DÖtlingen - Trotz der schlimmen Wettervoraussagen konnten sich die Beschicker des mittelalterlichen Marktes in Dötlingen am Wochenende beim Schützenhof „Unter den Linden“ über Sonnenstrahlen und sommerliche Temperaturen und damit auch sehr viele Besucher aus nah und fern freuen.
Das gute Wetter machte sich dann auch gleich Robin Schippers aus Lemwerder zunutze.
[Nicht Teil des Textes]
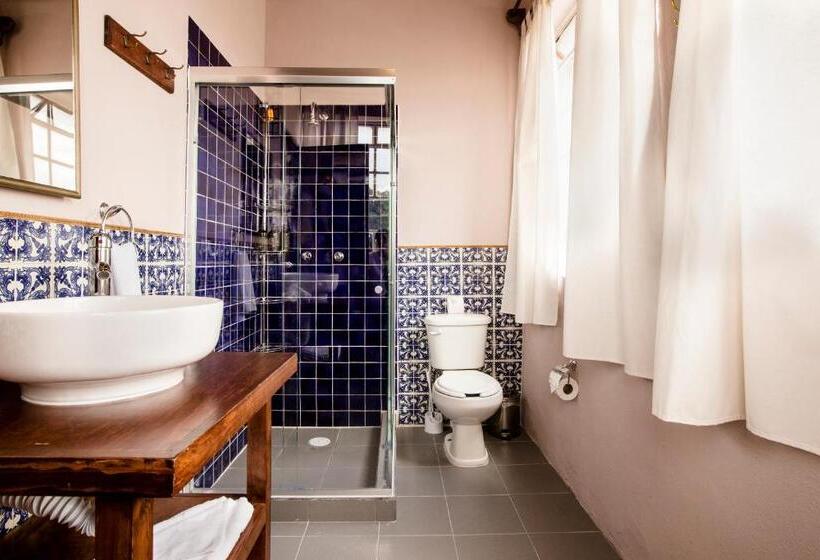 デラックスルーム, Selina San Miguel De Allende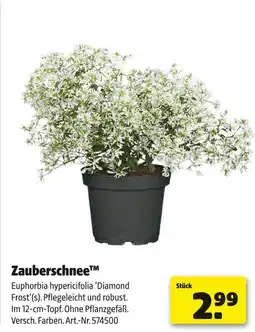 Hagebau Zauberschnee euphorbia hypericifolia 'diamond frost'(s) Angebot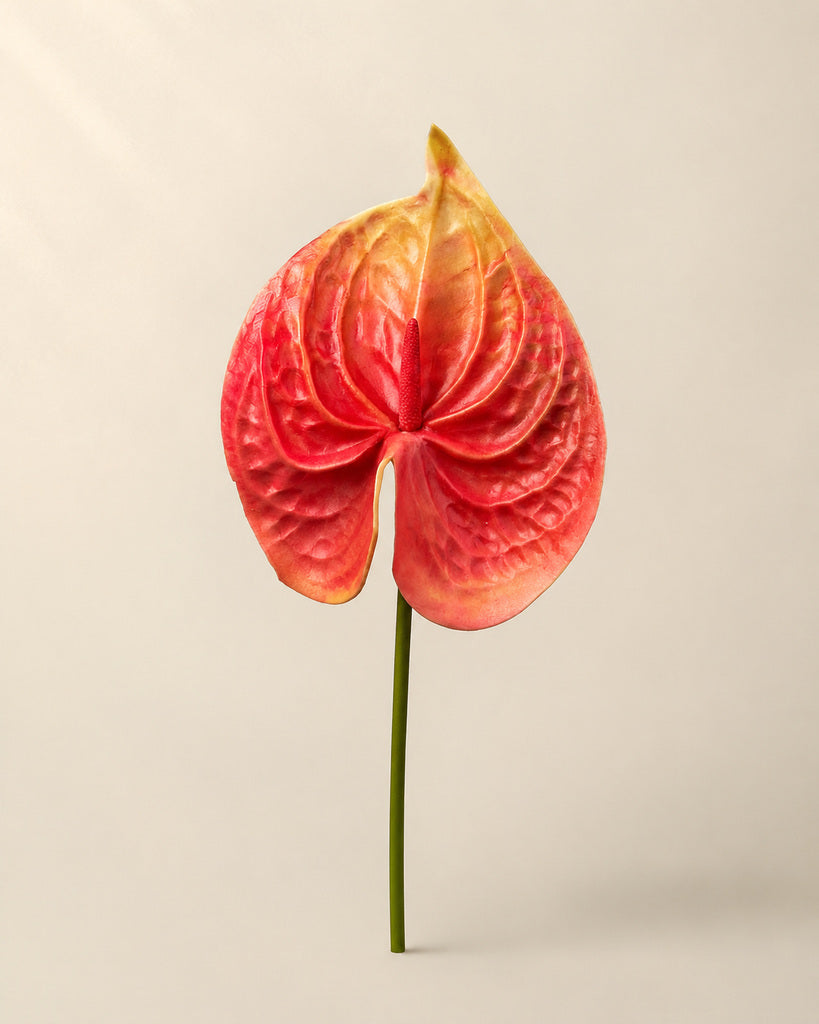 Watermelon Red PU Artificial Anthurium Floral Stem - 57 cm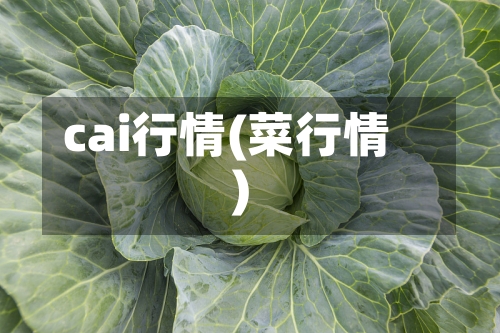 cai行情(菜行情)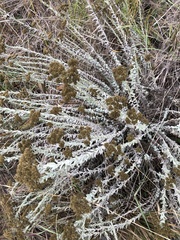 Helichrysum callicomum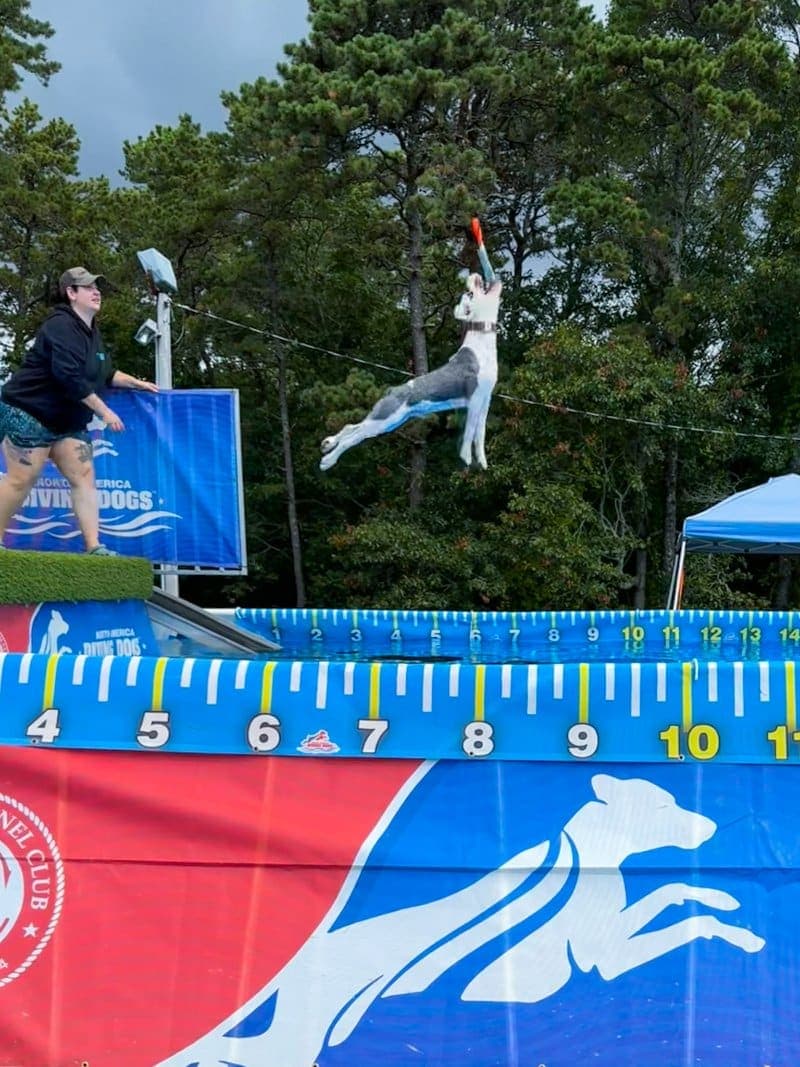 26 Dock Diving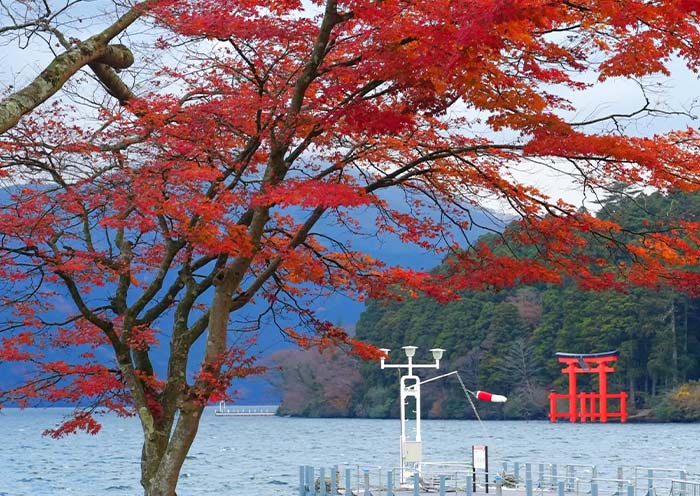 Lake Ashi of Hakone in autumn
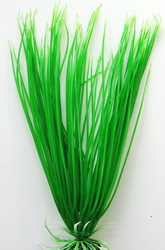 Акорус Plant 007/30 (зеленый)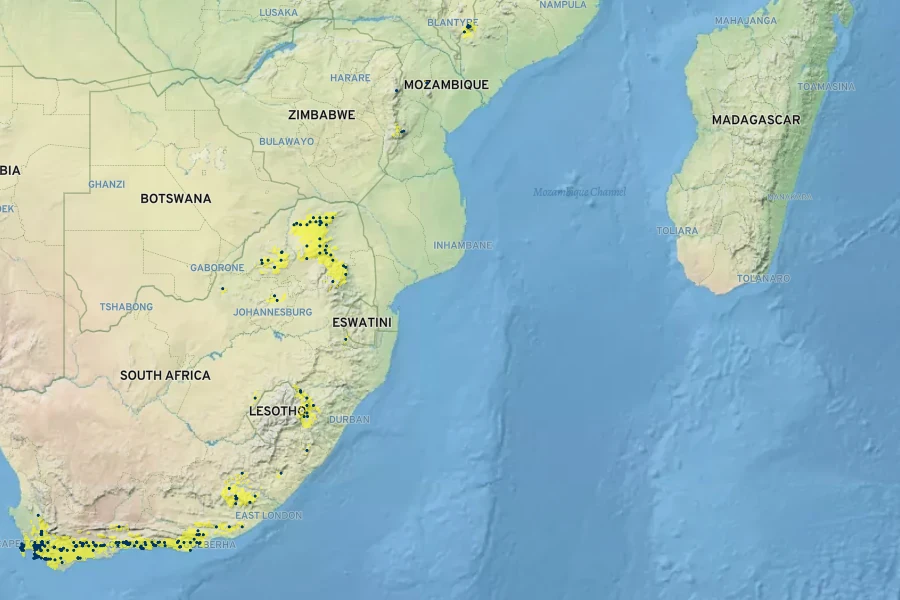 Widdringtonia nodiflora Native Range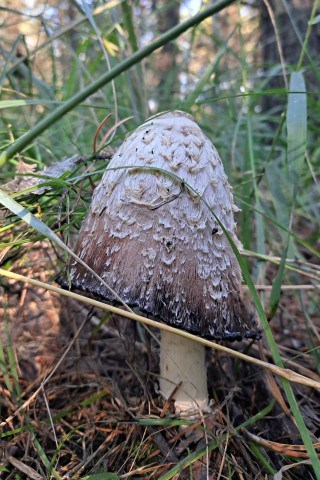 Syncrude's reclamation succes, a mushroom is growing along the pathway at the Gateway Hill Trail system.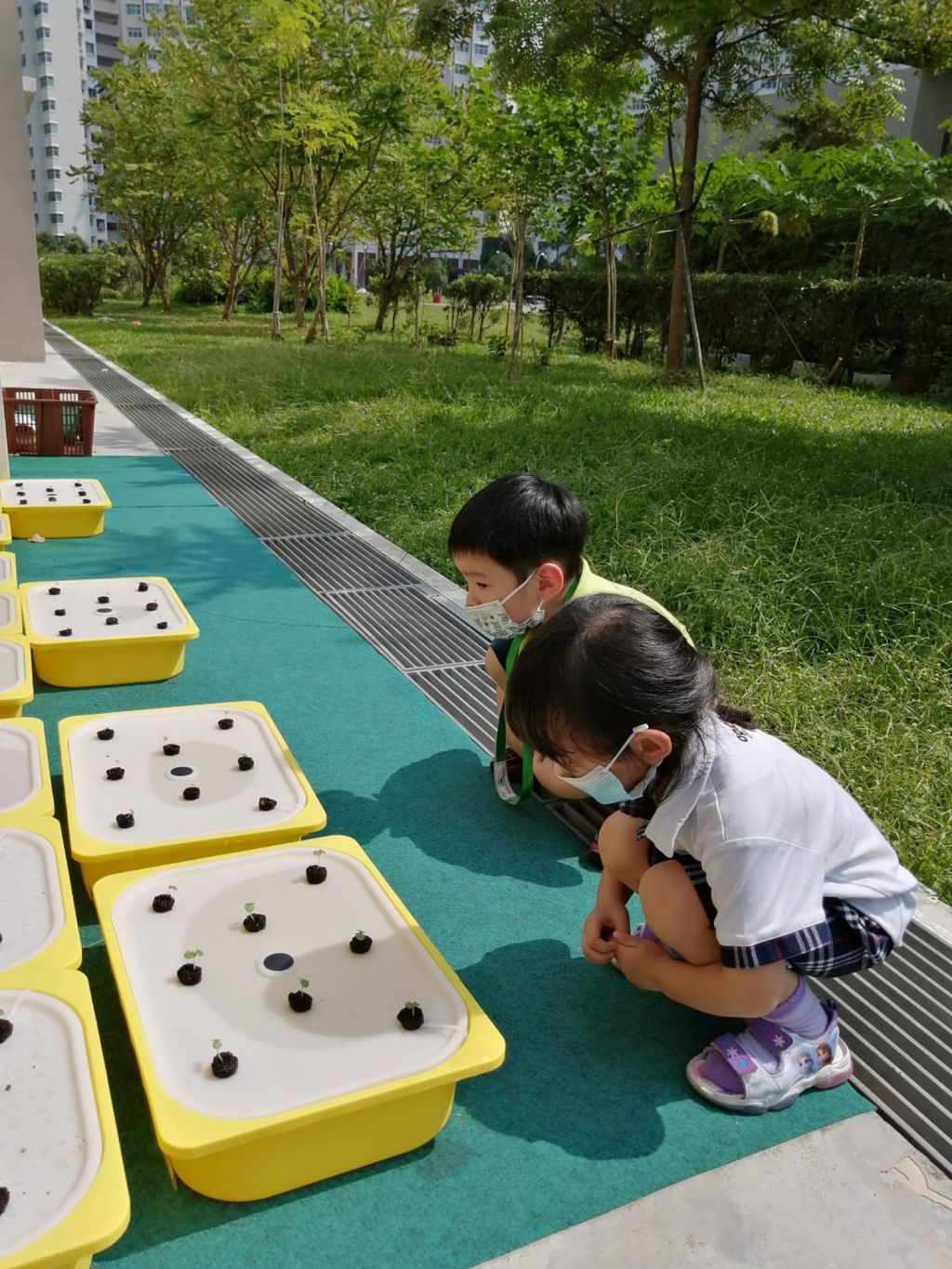 Agape Little Uni @ Upper Serangoon - Stepping Into Sustainable Living (Garden of Agape) — photo 6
Er schlüpfte in den Unterhosen-Mode-Hit des Mittelalters und legte eine kesse Nummer im eigens aufgebauten Badezuber im Kreise Umstehender hin. Ein Vergnügen, das zum mittelalterlichen Marktgeschehen gehörte wie die Gänse, die in ihrem Ferch auf Abnehmer, dann allerdings auch auf ein kurzes Leben, nicht freiwillig warteten.
Auch im Lager der Ritter, Knechte und des Dötlinger Bierbrauers Volker Grundmann herrschte Marktstimmung. Da tummelten sich im Kreise Gleichgesinnter Vogt Friedrich Georg von Thielen, Freiherr von Seefeld und Sweg, im „normalen Leben“ einfach Jörg Thielen genannt. Das Gebräu tat ein Übriges und riss den Edelmann zur feurigen Schwerteinlage bei Einbruch der Dunkelheit hin.
Daneben durfte die Kunst des Nagelns in einen Holzstumpf bewiesen werden, aber auch Töpferkunst, Gewürze, Bogen- und Armbrustschießen gehörten zum Angebot in den Zelten am Markt, die sich beiderseits des gesperrten Rittrumer Kirchwegs angesiedelt hatten.
Hier ein Dudelsackspieler, dort ein Steinmetz, es gab in Dötlingen wieder viel zu sehen, aber auch zu erfahren. Viele der Mittelaltermarktbesucher nutzen die Gelegenheit, um mehr über das Mittelalter und das Leben der Leute zu hören. Es waren nicht einfach Schausteller vor Ort, sondern echte Fachfrauen und -männer, die sich intensiv mit den historischen Lebensgewohnheiten der Menschen beschäftigt hatten. Und nicht fehlen durfte der Ritterkampf für Gerechtigkeit und Ordnung sowie das Falschen um Ware und deren Bezahlung.
Der Mittelaltermarkt war eine Veranstaltung im Reigen der „Dötlinger Meile“. Als nächster Termin steht der Jazz-Frühschoppen des „Serena Quartett“ im Heuerhaus Café auf dem Terminplan. Am Sonntag, 17. August, von 11 bis 14 Uhr wird die Formation zum Konzert bei einem Grillbüfett aufspielen.